We compared the characteristics of independent board leaders at 50 top-performing S&P 500 companies against those at the 50 worst-performers, based on total shareholder returns over a 3-year period. Surprisingly few differences emerged, suggesting qualitative factors play a bigger role than age, board tenure, or other past experiences. 

What makes a great board leader – and how do you know?

When US boards look for a new non-executive leader – or a director candidate who could fill that role when the time comes – they often try to identify ideal candidates by looking at backgrounds and experiences. It is a worthwhile endeavor, as the independent leader has an outsized influence on how effective a board is. Russell Reynolds Associates’ 2016 Board Culture survey showed that the strength of the chair was the single biggest differentiator between the most and least effective boards. However, what is often unclear is how closely the shorthand criteria used to select a chair actually relate to a board’s subsequent performance.
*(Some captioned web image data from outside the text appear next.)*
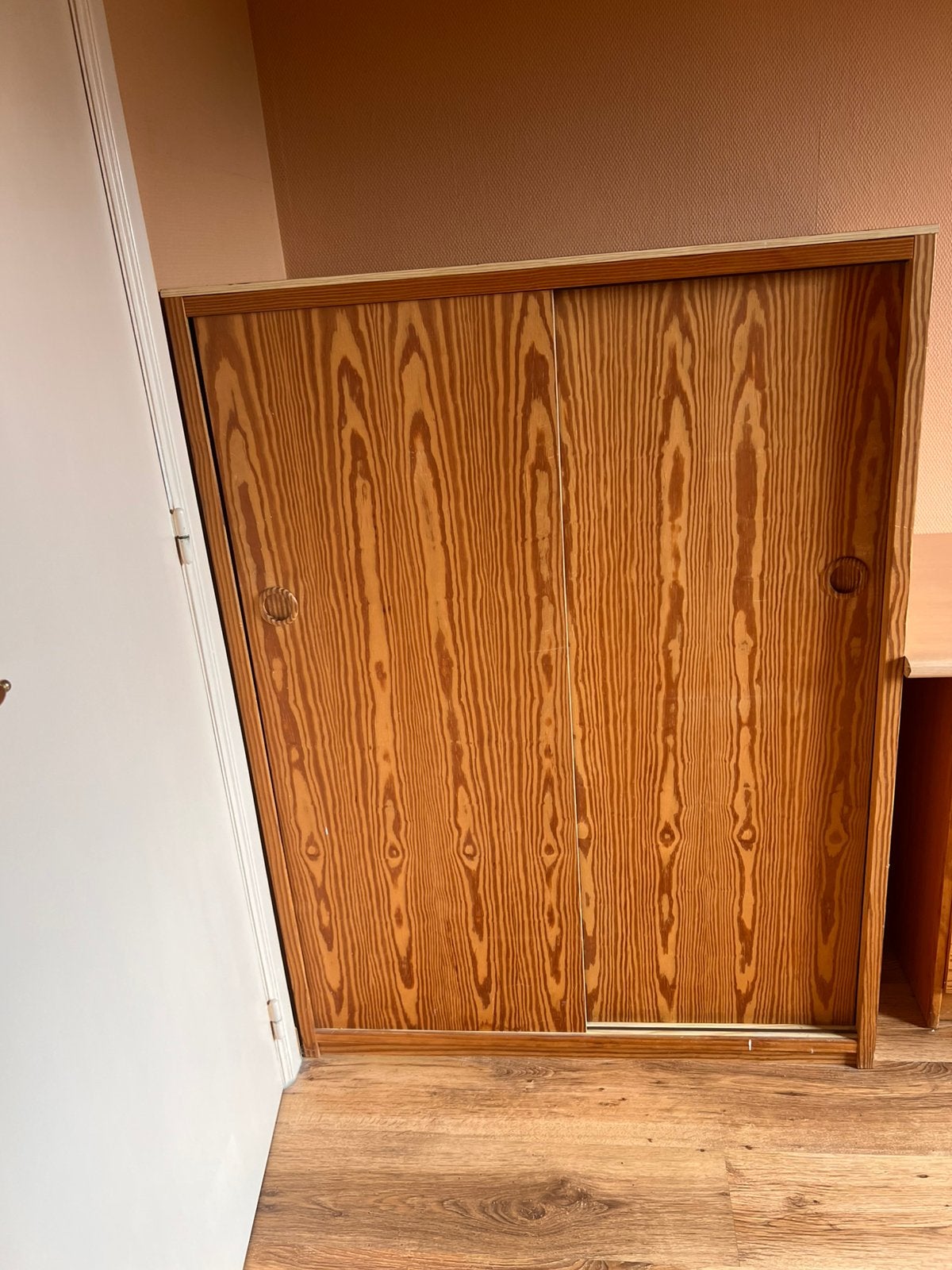 Kleerkast, Met deur(en), Gebruikt, Overige houtsoorten, Ophalen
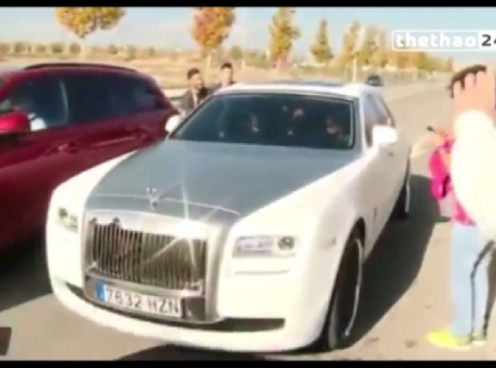 VIDEO: Fan phát cuồng vì siêu xe Rolls Royce Ghost của Ronaldo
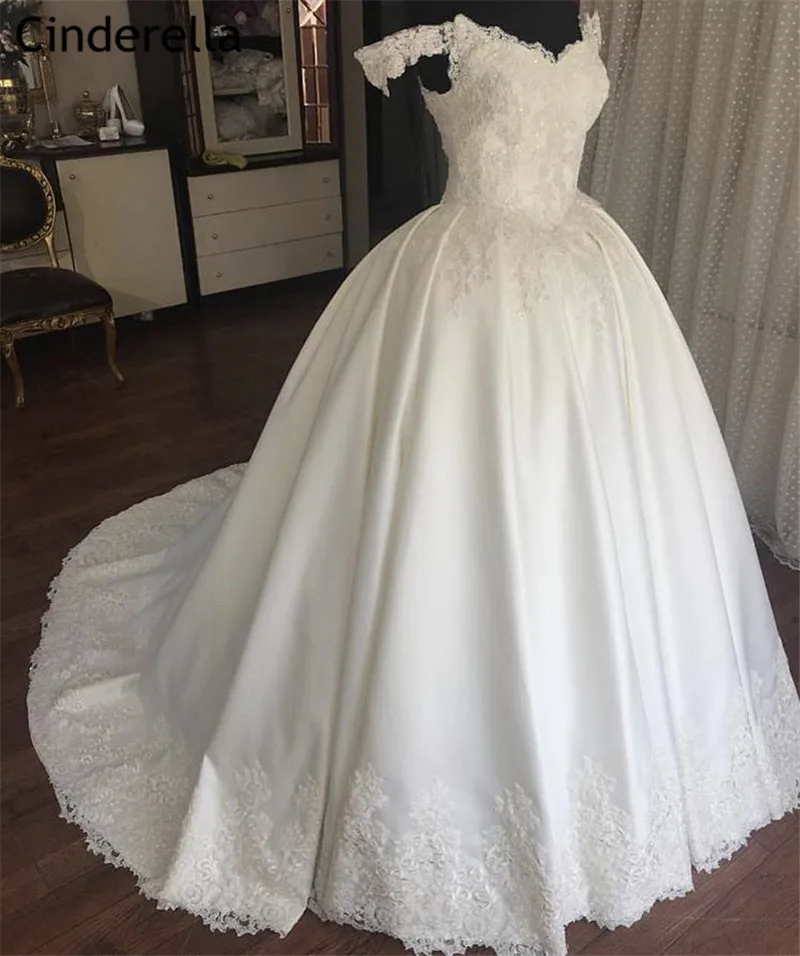 

Cinderella V-Neck Off The Shoulder A-Line Sweep Train Lace Up Back Lace Applique Crystal Satin Wedding Dresses vestido de noiva
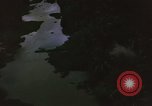 Immagine di Bombardamento americano di capanne nella guerra del Vietnam Il Vietnam, 1965, secondo 51 filmato di repertorio 65675054845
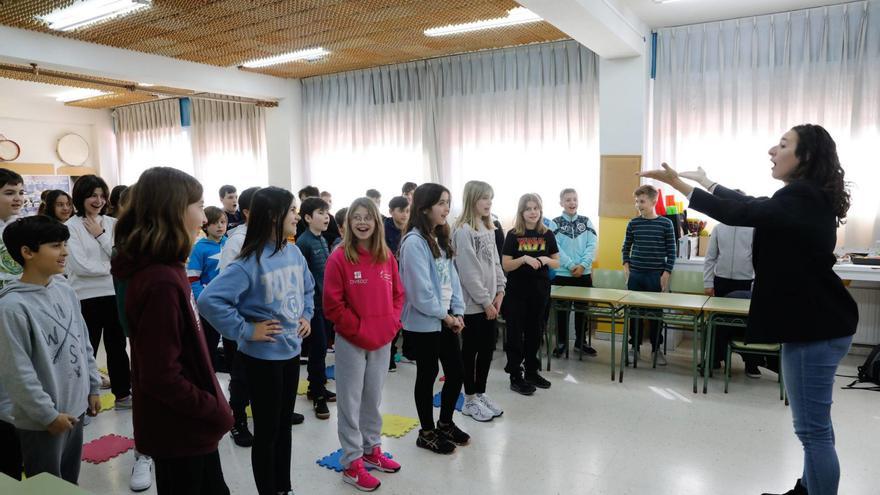 Carmen Sanchis dirige a los alumnos de sexto del colegio Lorenzo Novo Mier, en la primera clase del taller de zarzuela.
To get a better sense of whether there are tangible aspects that define great board leaders in the US, we ranked S&P 500 companies based on their returns to shareholders over a three-year period and closely analyzed the independent board leaders – chairs or lead directors – for the top 50 and bottom 50 performers. We considered previous roles, tenure on the board, age and compensation of the independent board leaders.

What we learned is that there is a surprising lack of measurable difference between the two groups. Looking at both medians and averages, the leaders of both top and bottom performers were nearly identical in just about every variable we studied.

So, what does matter in identifying a good candidate to lead the board? The results make it clear that it’s not what a director has done earlier in their career, or how long they have been a director, but how they act in the boardroom.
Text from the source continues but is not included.